Its reasonings are mainly speculative, metaphysical, and legalistic;
its ethics is zoological ethics, based on the zoological conception
of man as an animal. The elements of natural logic and natural
ethics are absent. The sophisticated ideas about the subject
of political economy, bluntly do not correspond to facts. Our
primitive forefather in the jungle would have died from hunger,
cold, heat, blood poisoning or the attacks of wild animals,
if he had not used his brain and muscles to take some stone
or a piece of wood to knock down fruit from trees, to kill an
animal, so as to use his hide for clothes and his meat for food,
or to break wood and trees for a shelter and to make some weapons
for defense and hunting.
"In the first
stone which he (the savage) flings at the wild animal he pursues,
in the first stick that he seizes to strike down the fruit which
hangs above his reach, we see the appropriation of one article
for the purpose of aiding in the acquisition of another and
thus we discover the origin of capital." (R. Torrens, An
Essay on the Production of Wealth.)
Our primitive
forefather's first acquaintance with fire was probably through
lightning; he discovered, probably by chance, the possibility
of making fire by rubbing together two pieces of wood and by
striking together two pieces of stone; he established one of
the first facts in technology; he felt the warm effect of fire
and also the good effect of broiling his food by finding some
roasted animals in a fire. Thus nature revealed to him one of
its great gifts, the stored-up energy of the sun in vegetation
and its primitive beneficial use. He was already a time-binding
being; evolution had brought him to that level. Being a product
of nature, he was reflecting those natural laws that belong
to his class of life; he had ceased to be static-he had become
dynamic -progressiveness had got into his blood-he was above
the estate of animals.
We also observe
that primitive man produced commodities, acquired experiences,
made observations, and that some of the produced commodities
had a use-value for other people and remained good for use,
even after his death.
The produced commodities
were composed of raw material, freely supplied by nature, combined
with some mental work which gave him the conception of how to
make and to use the object, and some work on his part which
finally shaped the thing; all of this mental and manual work
consumed an amount of time. It is obvious that all of these
elements are indispensable to produce anything of any value,
or of any use-value. His child not only directly received some
of the use-values produced by him, but was initiated into all
of his experiences and observations. (As we know, power, as
defined in mechanics, means the ratio of work done to the time
used in doing it.)
All those things
are time-binding phenomena produced by the time-binding capacity
of man; but man has not known that this capacity was
his defining mark.

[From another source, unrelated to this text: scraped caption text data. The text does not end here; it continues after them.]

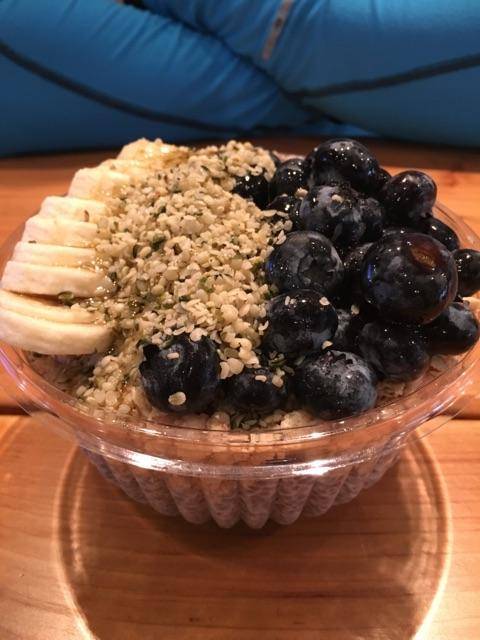 Playa Bowls | restaurant | 14 W Front St, Red Bank, NJ 07701, USA | 7327410400 OR +1 732-741-0400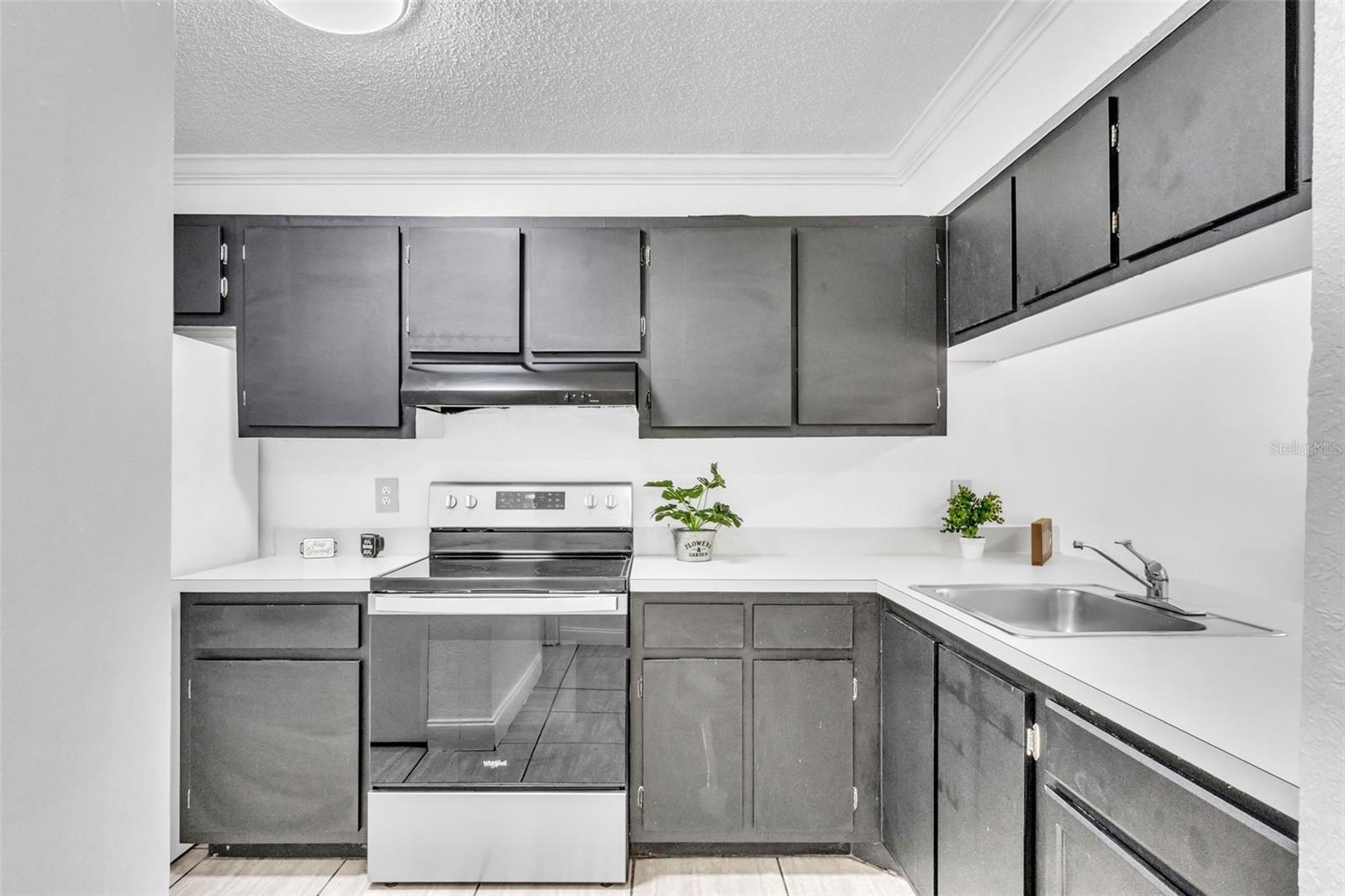 Image 5 of 16 For 664 Kenwick Circle 104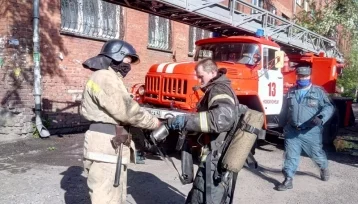 Фото: В Кузбассе пожарные спасли пять человек из загоревшейся многоэтажки 1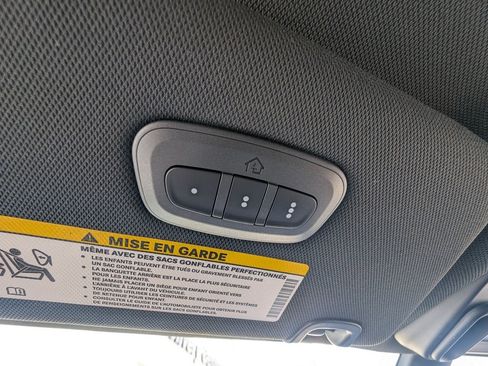 New 2026 Chrysler Pacifica Limited image 37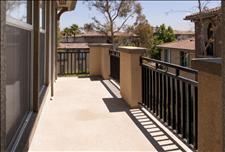 Los Angeles - Santa Clarita - The Oaks Apartments - Patio/Balcony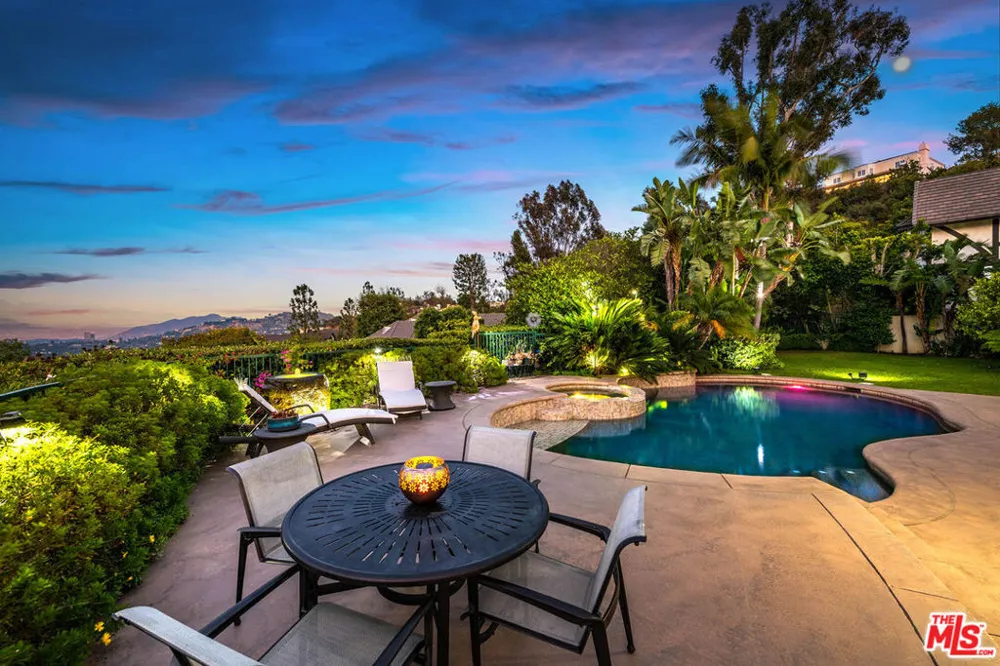 12145 Summit Court Beverly Hills, CA 90210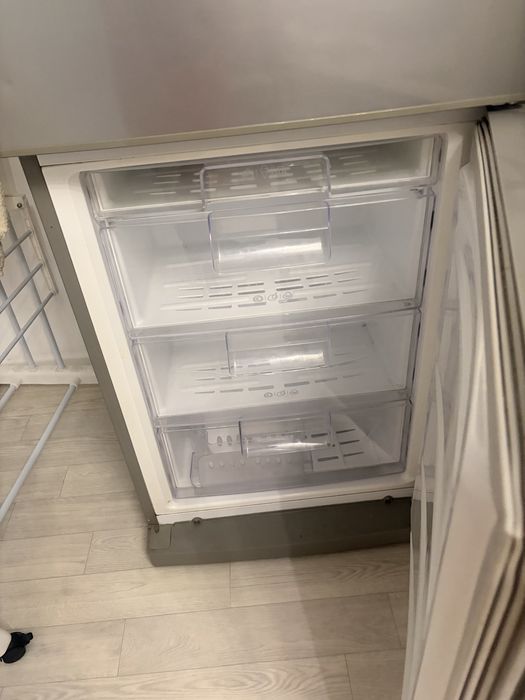 Продается холодильник LG в хорошем состочнии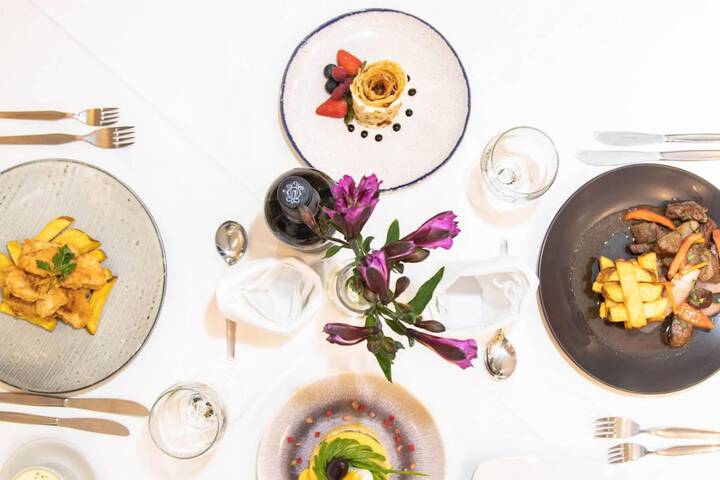 Dining 50 of 58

We must notice the strange fact that,
from the engineering point of view, humanity, though very developed
in some ways, is childishly undeveloped in others. Humanity
has some conceptions about dimensions and talks of the world
in which we live as having three dimensions; yet even in its
wildest imagination it can not picture tangibly a fourth
dimension; nay, humanity has not learned to grasp the real
meanings of things that are basic or fundamental. All of our
conceptions are relative and comparative; all of them are based
upon matters which we do not yet understand; for example, we
talk of time, space, electricity, gravity, and so on, but no
one has been able to define them in terms of the data of sensation;
nevertheless-and it is a fact of the greatest importance-we
learn how to use many things which we do not fully understand
and are not yet able to define.
In political economy
the meagreness of our understanding is especially remarkable;
we have not yet grasped the obvious fact-a fact of immeasurable
import for all of the social sciences-that with little exception
the wealth and capital possessed by a given generation are not
produced by its own toil but are the inherited fruit of dead
men's toil-a free gift of the past. We have yet to learn and
apply the lesson that not only our material wealth and capital
but our science and art and learning and wisdom- all that goes
to constitute our civilization-were produced, not by our own
labor, but by the time-binding energies of past generations.
Primitive man
used natural laws without knowing them or understanding them,
but he was able to cause nature to express itself, by finding
a way to release nature's stored up energy. Through the work
of his brain and its direction in the use of his muscles, he
found that some of his appliances were not good; he made better
ones, and thus slowly at first, the progress of humanity went
on. I will not enlarge upon the history of the evolution of
civilization because it is told in many books.
In the earliest
times the religious, philosophical, legal and ethical systems
had not been invented. The morale at that time was a natural
morale. Humans knew that they did not create nature. They did
not feel it "proper" to "expropriate the creator" and legalistically
appropriate the earth and its treasure for themselves. They
felt, in their unsophisticated morale, that being called into
existence they had a natural right to exist and to use freely
the gifts of nature in the preservation of their life; and that
is what they did.
After the death
of a man, some of the objects produced by him still survived,
such as weapons, fishing or hunting instruments, or the caves
adapted for living; a baby had to be nourished for some years
by its parents or it would have died. Those facts had important
consequences; objects made by someone for some particular use
could be used by someone else, even after the death of one or
more successive users; again the experiences acquired by one
member of a family or a group of people were taught by example
or precept to others of the same generation and to the next
generation. Such simple facts are the corner stones of our whole
civilization and they are the direct result of the HUMAN CAPACITY
OF TIME-BINDING.
The world to-day
is full of controversy about wealth, capital, and money, and
because humanity, through its peculiar time-binding power, binds
this element "time" in an ever larger and larger degree, the
controversy becomes more and more acute. Civilization as a process
is the process of binding time; progress is made by the fact
that each generation adds to the material and spiritual wealth
which it inherits. Past achievements-the fruit of bygone time-thus
live in the present, are augmented in the present, and transmitted
to the future; the process goes on; time, the essential element,
is so involved that, though it increases arithmetically, its
fruit, civilization, advances geometrically.
But there is another
peculiarity in wealth and money: If a wooden or iron "inch"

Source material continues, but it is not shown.